Par ailleurs, le flux économique lié par la gestion des Aires Protégées de Madagascar National Parks varie de 25 à 27 milliards d’Ariary par an. Une somme non négligeable, et que nous pensons la plus grande parmi tant d’autres projets dans l’Ile, a un impact significatif au PIB de Madagascar.
Bibliographie :
- Rapport Annuel 2023, Madagascar National Parks
- Koechlin et al, 1974. Flore et végétation de Madagascar
- Etude de l’impact socio-économique du périmètre d’intervention du CNC de 2012 à 2021. Rapport établi par EY, Juillet 2023
- Perrier de la Bathie, 1921. La végétation malgache. Ann. Colon.
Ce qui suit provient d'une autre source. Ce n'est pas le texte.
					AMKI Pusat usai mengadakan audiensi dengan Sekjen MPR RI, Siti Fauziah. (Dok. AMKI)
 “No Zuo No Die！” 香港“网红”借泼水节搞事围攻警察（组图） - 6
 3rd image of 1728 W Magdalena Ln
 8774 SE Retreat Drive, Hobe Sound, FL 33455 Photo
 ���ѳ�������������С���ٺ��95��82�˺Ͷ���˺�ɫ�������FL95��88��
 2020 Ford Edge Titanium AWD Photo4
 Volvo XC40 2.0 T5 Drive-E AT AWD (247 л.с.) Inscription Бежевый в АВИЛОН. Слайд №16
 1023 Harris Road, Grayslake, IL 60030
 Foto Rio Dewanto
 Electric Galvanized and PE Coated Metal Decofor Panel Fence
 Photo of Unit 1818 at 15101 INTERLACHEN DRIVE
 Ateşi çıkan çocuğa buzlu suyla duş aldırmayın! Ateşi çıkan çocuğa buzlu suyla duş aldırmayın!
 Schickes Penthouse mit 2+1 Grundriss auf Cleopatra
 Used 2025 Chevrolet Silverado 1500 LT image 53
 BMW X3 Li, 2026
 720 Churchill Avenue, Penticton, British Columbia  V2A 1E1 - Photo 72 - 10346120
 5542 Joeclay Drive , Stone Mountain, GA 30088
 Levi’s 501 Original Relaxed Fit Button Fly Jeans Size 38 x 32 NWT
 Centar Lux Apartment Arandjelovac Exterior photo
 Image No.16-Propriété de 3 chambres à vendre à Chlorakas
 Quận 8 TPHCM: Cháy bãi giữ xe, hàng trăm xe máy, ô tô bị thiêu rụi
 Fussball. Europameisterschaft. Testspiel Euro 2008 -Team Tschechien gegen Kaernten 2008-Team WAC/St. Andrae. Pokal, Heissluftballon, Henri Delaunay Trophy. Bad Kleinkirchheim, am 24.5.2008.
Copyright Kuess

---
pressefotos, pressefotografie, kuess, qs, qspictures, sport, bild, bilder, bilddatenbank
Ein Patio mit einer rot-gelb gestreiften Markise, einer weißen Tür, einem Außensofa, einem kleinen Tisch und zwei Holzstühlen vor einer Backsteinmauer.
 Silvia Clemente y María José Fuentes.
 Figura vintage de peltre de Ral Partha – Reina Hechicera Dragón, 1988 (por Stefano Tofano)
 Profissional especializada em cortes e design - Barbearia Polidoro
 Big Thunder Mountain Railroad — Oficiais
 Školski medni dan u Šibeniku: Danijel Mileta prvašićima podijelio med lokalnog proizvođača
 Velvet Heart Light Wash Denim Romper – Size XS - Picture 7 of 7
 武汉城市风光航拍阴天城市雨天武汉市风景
Marseille, 3 e Sér. 9, 268p.
- CARRIERE-BUCHSENCHUTZ, S., (2006), « L’urgence d’une confirmation par la science du rôle écologique du corridor forestier de Fianarantsoa », Etudes rurales, 178(1), pp. 181-196
- CARRIERE S., BIDAUD C., (2010), « En quête de naturalité : Représentations scientifiques de la nature et conservation de la biodiversité », in Géopolitique et Environnement à Madagascar, Rakoto H., Blanc C., Pinton F. (eds), Paris, IRD, pp. 43-71
- DIALOGUES, N., (2010), Adaptation aux changements climatiques : Forets, espaces naturels et biodiversité, Cycle de séminaires « Adaptation au changement climatique » – Session 3 : Forêts, espaces naturels et biodiversité, Paris, Ed. Environnement, Société.